Re: [PATCH drm-next 05/14] drm/nouveau: new VM_BIND uapi interfaces

From: "Christian König" <christian.koenig@amd.com>
To: Danilo Krummrich <dakr@redhat.com>,
	Matthew Brost <matthew.brost@intel.com>
Cc: daniel@ffwll.ch, airlied@redhat.com, bskeggs@redhat.com,
	jason@jlekstrand.net, tzimmermann@suse.de, mripard@kernel.org,
	corbet@lwn.net, nouveau@lists.freedesktop.org,
	linux-kernel@vger.kernel.org, dri-devel@lists.freedesktop.org,
	linux-doc@vger.kernel.org
Subject: Re: [PATCH drm-next 05/14] drm/nouveau: new VM_BIND uapi interfaces
Date: Mon, 30 Jan 2023 14:02:37 +0100	[thread overview]

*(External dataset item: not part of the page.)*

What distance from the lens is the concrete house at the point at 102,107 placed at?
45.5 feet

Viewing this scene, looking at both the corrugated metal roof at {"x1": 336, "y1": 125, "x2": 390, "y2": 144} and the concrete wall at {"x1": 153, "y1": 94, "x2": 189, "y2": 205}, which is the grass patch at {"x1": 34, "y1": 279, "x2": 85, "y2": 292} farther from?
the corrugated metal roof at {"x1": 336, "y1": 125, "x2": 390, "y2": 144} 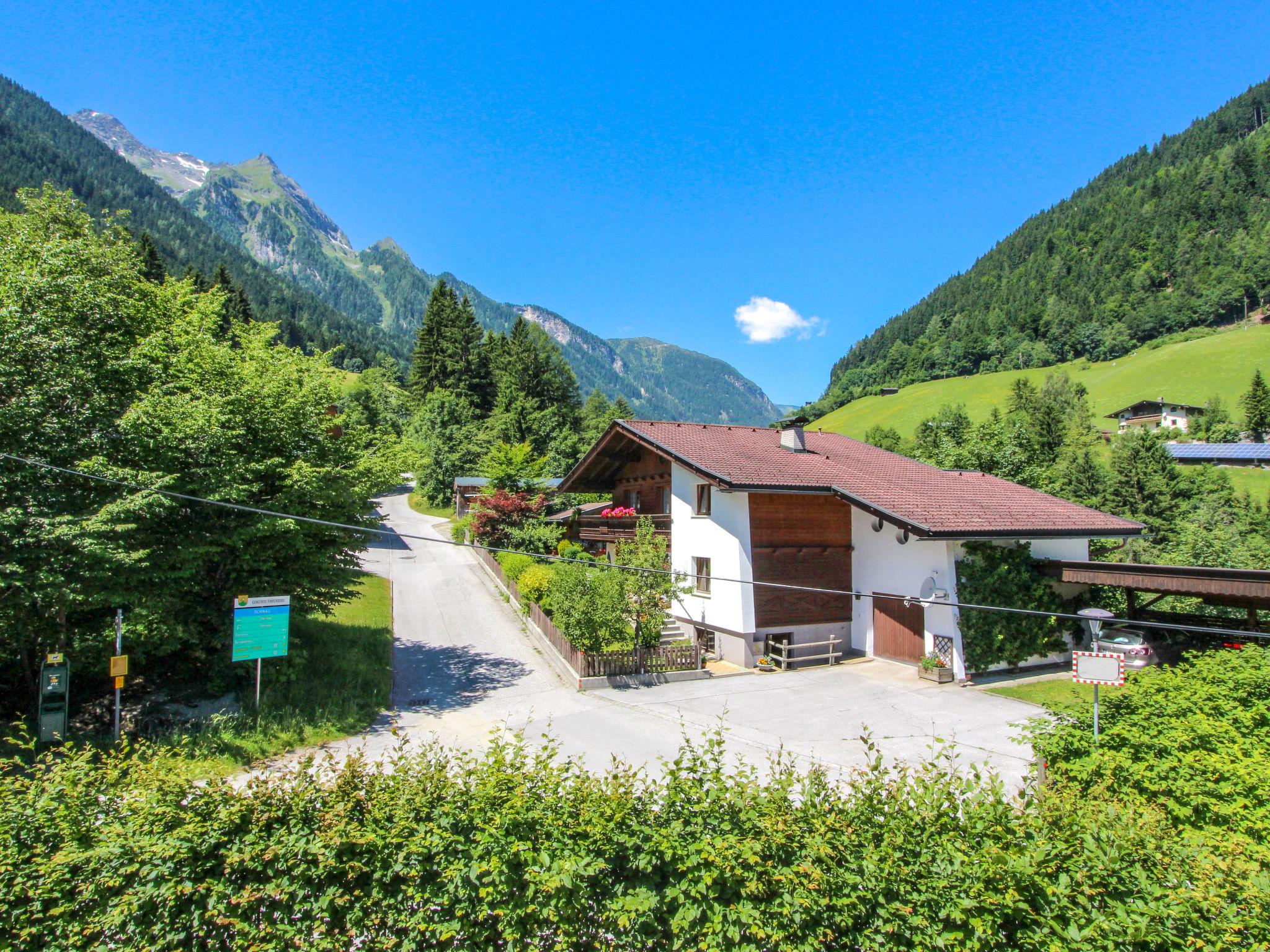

Message-ID: <1840e9fb-fd1b-79b7-4238-54ae97333d0b@amd.com> (raw)
In-Reply-To: <15fb0179-c7c5-8a64-ed08-841189919f5e@redhat.com>

Am 29.01.23 um 19:46 schrieb Danilo Krummrich:
> On 1/27/23 22:09, Danilo Krummrich wrote:
>> On 1/27/23 16:17, Christian König wrote:
>>> Am 27.01.23 um 15:44 schrieb Danilo Krummrich:
>>>> [SNIP]
>>>>>>>
>>>>>>> What you want is one component for tracking the VA allocations 
>>>>>>> (drm_mm based) and a different component/interface for tracking 
>>>>>>> the VA mappings (probably rb tree based).
>>>>>>
>>>>>> That's what the GPUVA manager is doing. There are gpuva_regions 
>>>>>> which correspond to VA allocations and gpuvas which represent the 
>>>>>> mappings. Both are tracked separately (currently both with a 
>>>>>> separate drm_mm, though). However, the GPUVA manager needs to 
>>>>>> take regions into account when dealing with mappings to make sure 
>>>>>> the GPUVA manager doesn't propose drivers to merge over region 
>>>>>> boundaries. Speaking from userspace PoV, the kernel wouldn't 
>>>>>> merge mappings from different VKBuffer objects even if they're 
>>>>>> virtually and physically contiguous.
>>>>>
>>>>> That are two completely different things and shouldn't be handled 
>>>>> in a single component.
>>>>
>>>> They are different things, but they're related in a way that for 
>>>> handling the mappings (in particular merging and sparse) the GPUVA 
>>>> manager needs to know the VA allocation (or region) boundaries.
>>>>
>>>> I have the feeling there might be a misunderstanding. Userspace is 
>>>> in charge to actually allocate a portion of VA space and manage it. 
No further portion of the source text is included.